Проводится некая ограничительная черта, отделяющая “прежнего” Мамина от Мамина 1900-х годов. Однако существует ли такая граница? Преемственность социальных типов еще не означает самоповторения. Появляются новые обстоятельства, мотивировки, акценты, детали, расширяется круг жизненных наблюдений. Отчаянный конный пастух Макарка (рассказ “Макарка”, 1904) сродни своей богатырской статью и молодечеством легендарному на Чусовой сплавщику Савоське из раннего очерка “Бойцы”: “широк был в плечах Макарка, высок ростом, с богатырской грудью…” Очевидно Мамин постоянно держал в памяти образы русских богатырей, однако Макарка и Спирька характеризуют совсем разные стороны русской натуры.
Поверхностные и нигилистические суждения по адресу Мамина позднего петербургского периода — не что иное как результат невнимания к самому творчеству писателя. Явление парадоксальное при том безусловном уважении, каким окружено имя “певца Урала” и все с ним связанное в его родном краю, несостоятельное с чисто научной точки зрения, ибо заключения и выводы делаются без учета всего написанного автором. Непредвзятому читателю открывается не разрыв или повторение, сколько продолжение и завершение целого ряда постоянных маминских мотивов и тем. Д.Н. Мамин-Сибиряк конца 90-х XIX — первого десятилетия ХХ века — все тот же щедрый, сильный художник-реалист, социолог, психолог, хотя, разумеется, в чем-то иной.
Взять сквозную в творчестве Мамина старообрядческую тематику. Уроженец Урала, он интересуется таким явлением, как раскольничество. Ему известно, что все екатеринбургские золотопромышленники были не только староверами, но входили в число “милостивцев” (от слова милость, пожертвование), помогавших старообрядческим общинам. В “Приваловских миллионах” старообрядцами были те обитатели бахаревскго дома, которые занимали половину Марьи Степановны; во времена юности Сергея Привалова старообрядцы имели прямое отношение к старому приваловскому дому. “Какая жизнь происходила в этом дворце в наше расчетливое грошовое время — трудно даже представить; можно сказать только, что русская натура развернулась здесь во всю свою ширь. С утра до ночи в приваловских палатах стоял пир горой, и в этом разливанном море угощались званый и незваный. И в то же время, в том же самом доме в тайных молельнях совершалась постоянная раскольничья служба. Часто и хозяин, и гости прямо с пьяной оргии попадали в молельни и здесь отбивали земные поклоны до синяков на лбу”. В “Трех концах” раскольники расселяются в особом, “кержацком” конце Висима и т.д. Мамина привлекает староверие как явление духовного порядка, целью которого было очищение человека от “антихристовой скверны”, и скитничество, которое нередко оборачивалось диким фанатизмом и грубым насилием над людьми доверчивыми и чистыми, в особенности над женщинами.

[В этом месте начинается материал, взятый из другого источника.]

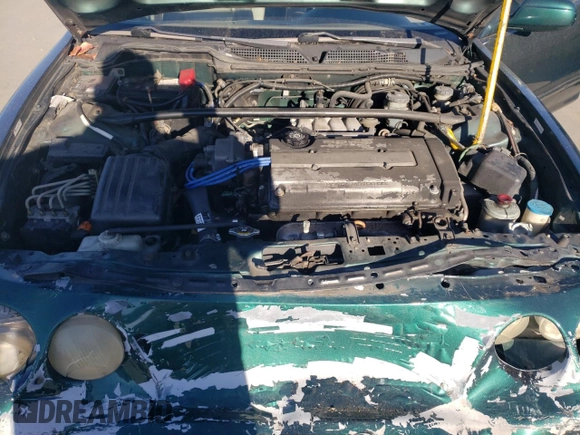 1999 Acura Integra GS-R with VIN JH4DC2396XS002119, listed as a Copart auction lot 88542475 with 245,200 mi miles and Salvage Title. Bid and sale history available at DreamBid. Image 11.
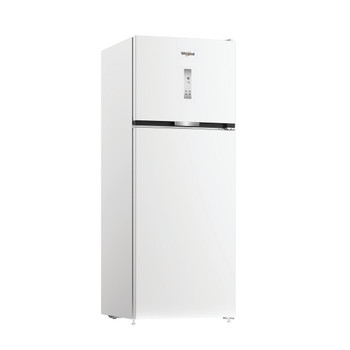 Whirlpool Réfrigérateur combiné Pose-libre WHD2 6472 XWE Blanc 2 portes Perspective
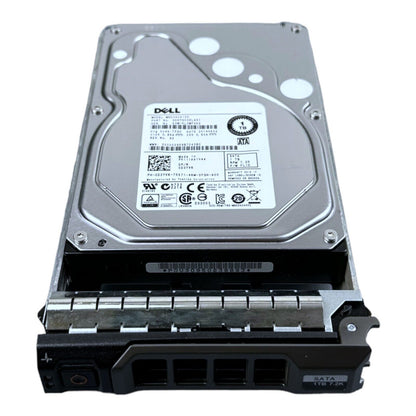 Dell 1TB HDD SATA 3.5'' 7.2K MG03ACA100  0D3YV6  HDEPQ03DLA51 + Caddy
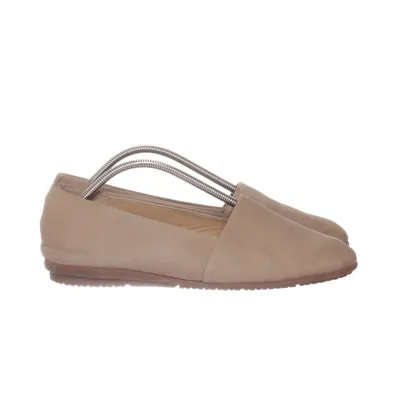 Ballet flats (Brown) from Hecho en España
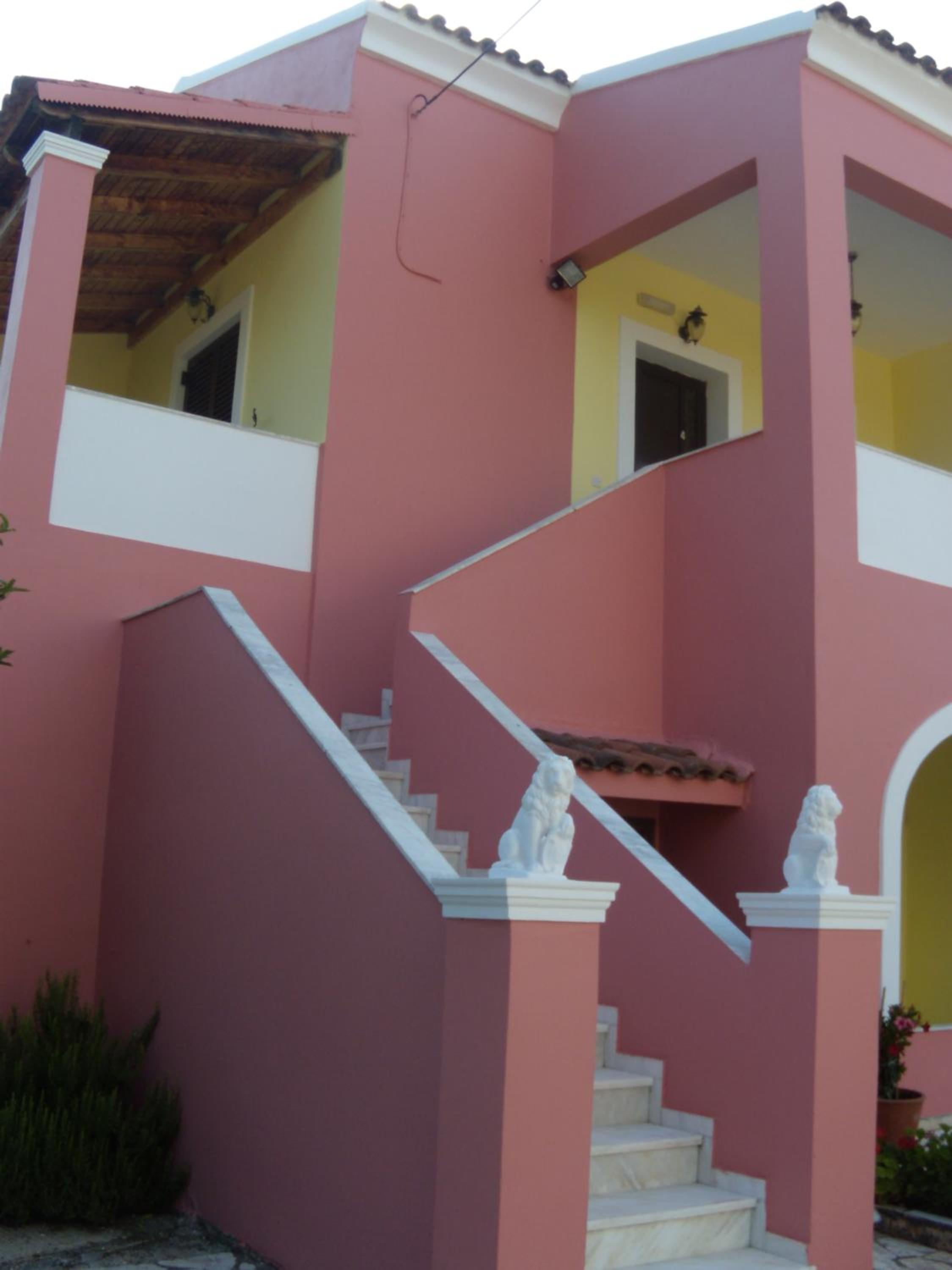 Antigoni Apartments view 2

В пору своего пребывания в Пермской духовной семинарии Мамин не мог не знать, что с началом 60-х годов феномен старообрядчества выдвигается в ряд актуальных общественных проблем. Либерализация русской жизни (отмена крепостного права, земские реформы 70-х годов) побуждала к раздумьям: справедливо ли, что немалая часть верующих в России остается на положении гонимых? Вообще, что такое староверие, возникшее более двух столетий назад и оказавшееся необыкновенно устойчивым? Порождение темноты и невежества или цельное народное миросозерцание, путь к духовному самоусовершенствованию? Появляется обширная “светская” литература о старообрядчестве (в повседневном обиходе — раскольничестве), обстоятельный обзор которой принадлежит современному уральскому исследователю2 .

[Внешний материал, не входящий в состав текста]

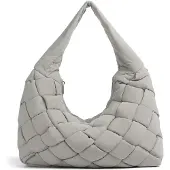 Liebeskind Bo Schoudertas 45 cm grijs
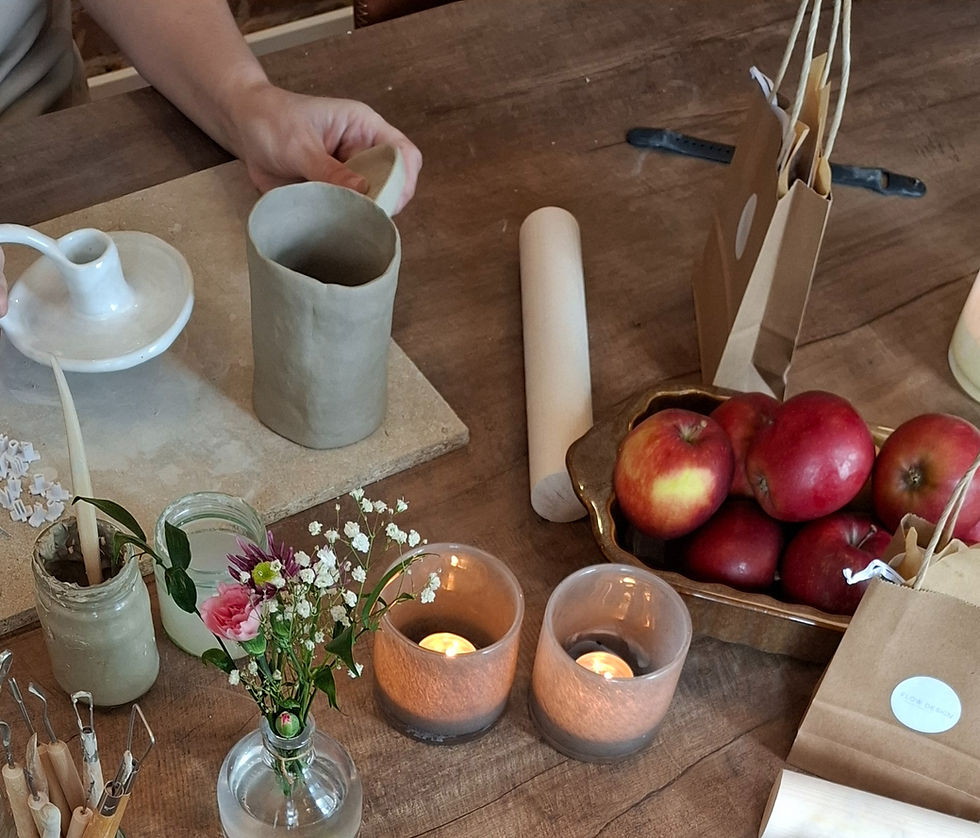 Workshop I keramik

В 1893 году Маминым написан рассказ “Великий грешник”, в 1900—1901 годах — рассказ “Сибирские старцы, кухарка Агафья и гражданин Рихтер”. Получается своего рода малый цикл, где второе произведение прочитывается как необходимое дополнение к первому. Раскольничий митрополит Кирилл в рассказе “Великий грешник”, принятый за беглого и заключенный в камере вместе с уголовниками, воспринимает случившееся как испытание, ниспосланное самим Богом. Во время ночной молитвы осознает свое предназначение: открывать людям глаза на козни Антихриста, во всем противостоящего Богу. Ему самому необходимо пострадать во исполнение пастырского подвига, чтобы “его примером укрепились маловеры и шатаемые ветром разноучений… а зато как теперь ясно, легко, хорошо, точно самый каземат осветился тем же внутренним светом”.
Философия раскольничьего митрополита созвучна народной этике: истинная вера просветляет душу, открывает пути к добру и милосердию, отвращает от лжи, злобы, стяжательства. Потому-то за несколько дней, проведенных Кириллом в тюрьме, меняются многие из его сокамерников, а в день погребения митрополита огромная толпа провожает его в последний путь как истинного праведника.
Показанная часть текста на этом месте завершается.